Si hay algo que nunca o casi nunca pude hacer, fue cambiarle un pañal a mi hijo. Como ya les había contado en algún relato anterior, era muy asquiento desde chico y lo sigo siendo. Las pocas veces que logré cambiar un pañal, en realidad creo que puedo contarlas con los dedos de una mano, involuntariamente volteaba la cara hacia un lado y las arcadas aparecían incesantemente mientras lo hacía, lo cual era siempre motivo de burla de quien me observara en ese momento. Siento algo de vergüenza al contarlo, pero es algo que no podía evitar. Sin embargo, hay algo que hacía siempre y lo hacía con mucho amor.
Como todas las madrugadas, alrededor de las tres de la mañana, me despertaba el llanto de mi hijo que reclamaba su teta. Era lo justo, ya habían pasado varias horas desde la última vez que tomó su leche. Desde mi cama y mientras me incorporaba, empezaba a hablarle con voz de padre engreidor. “Lisura, cayajo, ¿quién tene hambre… quién?”. Con un ojo abierto y el otro apretando los párpados entre sí, me acercaba a la cuna y extendía los brazos para cargar a mi niño que no dejaba de llorar. Pero una vez que el pequeño sentía el calor de las manos de su padre, casi instantáneamente se calmaba y cesaba el llanto.

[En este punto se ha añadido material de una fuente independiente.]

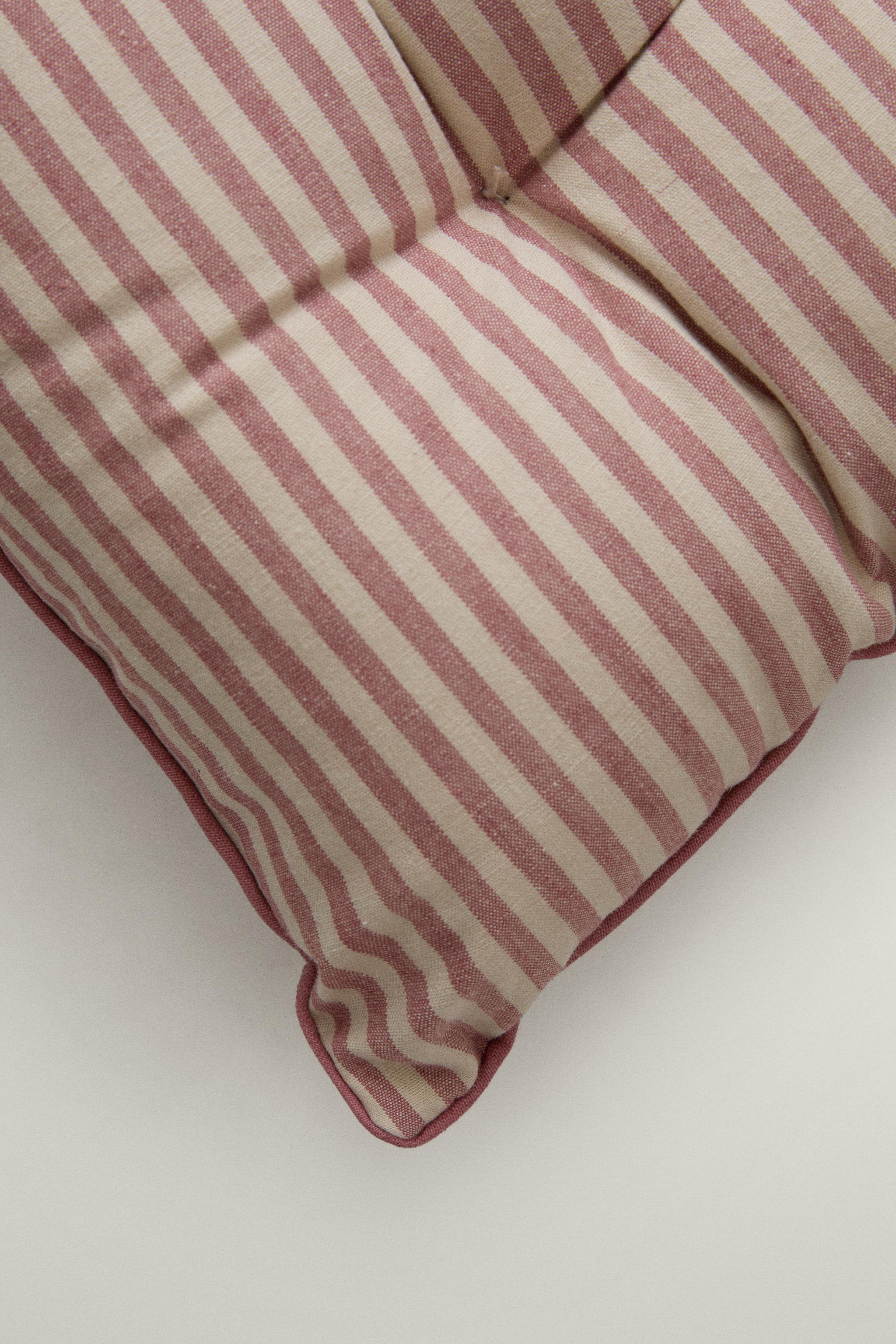 STRIPED SEAT CUSHION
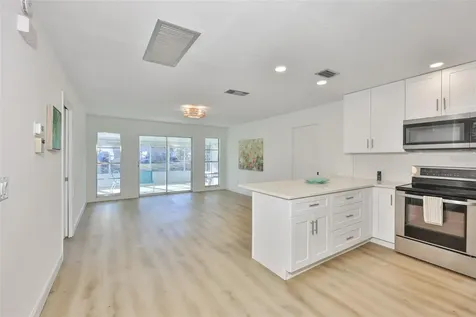 325 Green Manor Drive Sun City Center FL 33573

Él ya sabía, aún con sus pocos días de nacido, que iba a ser trasladado hasta los brazos de su madre para ser alimentado.
A pesar de la hora, de la interrupción del sueño, de saber que en pocas horas tendría que levantarme para ir a trabajar, el tener que esperar que mi hijo termine de amamantarse para volver a cargarlo, apoyarlo sobre mi pecho y hacer que “bote el chanchito” para luego arrullarlo hasta que nuevamente quede dormido, hacía que esos momentos se convirtieran en mágicos entre padre e hijo.

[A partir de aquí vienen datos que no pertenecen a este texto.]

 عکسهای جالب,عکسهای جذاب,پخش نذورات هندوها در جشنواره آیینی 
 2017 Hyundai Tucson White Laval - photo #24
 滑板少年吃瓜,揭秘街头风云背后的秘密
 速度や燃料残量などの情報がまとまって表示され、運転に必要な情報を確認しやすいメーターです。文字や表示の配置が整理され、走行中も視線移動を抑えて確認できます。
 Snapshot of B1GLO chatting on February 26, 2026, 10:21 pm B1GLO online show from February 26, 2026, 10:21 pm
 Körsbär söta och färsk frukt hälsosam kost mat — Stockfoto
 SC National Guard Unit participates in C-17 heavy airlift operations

Seguramente muchos papás que hoy me leen hicieron lo mismo con sus hijos y mientras los arrullaban para que vuelvan a dormir les cantaban canciones de cuna tradicionales, como el “Arrorró mi niño, arrorró mi sol, arrorró pedazo de mi corazón” o alguna otra de ese tipo. Lo cierto es que yo, padre primerizo y fanático del fútbol, hacía que mi pequeño vuelva a dormir con un cántico de barra brava de un equipo argentino. La primera vez que lo cargué desde los brazos de su madre después de haberse alimentado y luego de unos golpecitos suaves en la espaldita para que «bote el chanchito», sin darme cuenta empecé a cantar “Vamos, vamos, Boca Juniors, Vamos, vamos, a ganar, que esta barra bullanguera, no te deja no te deja de alentar” y mi hijo se quedó quietecito mirándome fijamente a los ojos por unos minutos, yo repetía la canción una vez tras otra y de pronto se quedó profundamente dormido. A partir de ese día, canté solamente esa canción con él entre mis brazos. Lo curioso es que su madre o sus abuelas cuando intentaban hacerlo dormir, usaban las canciones infantiles más conocidas y no lo conseguían. Incluso si cantaban la de Boca, tampoco lo lograban, podían pasar horas arrullándolo hasta que el bebé de tanto llorar quedaba dormido rendido por el cansancio que produce el llanto.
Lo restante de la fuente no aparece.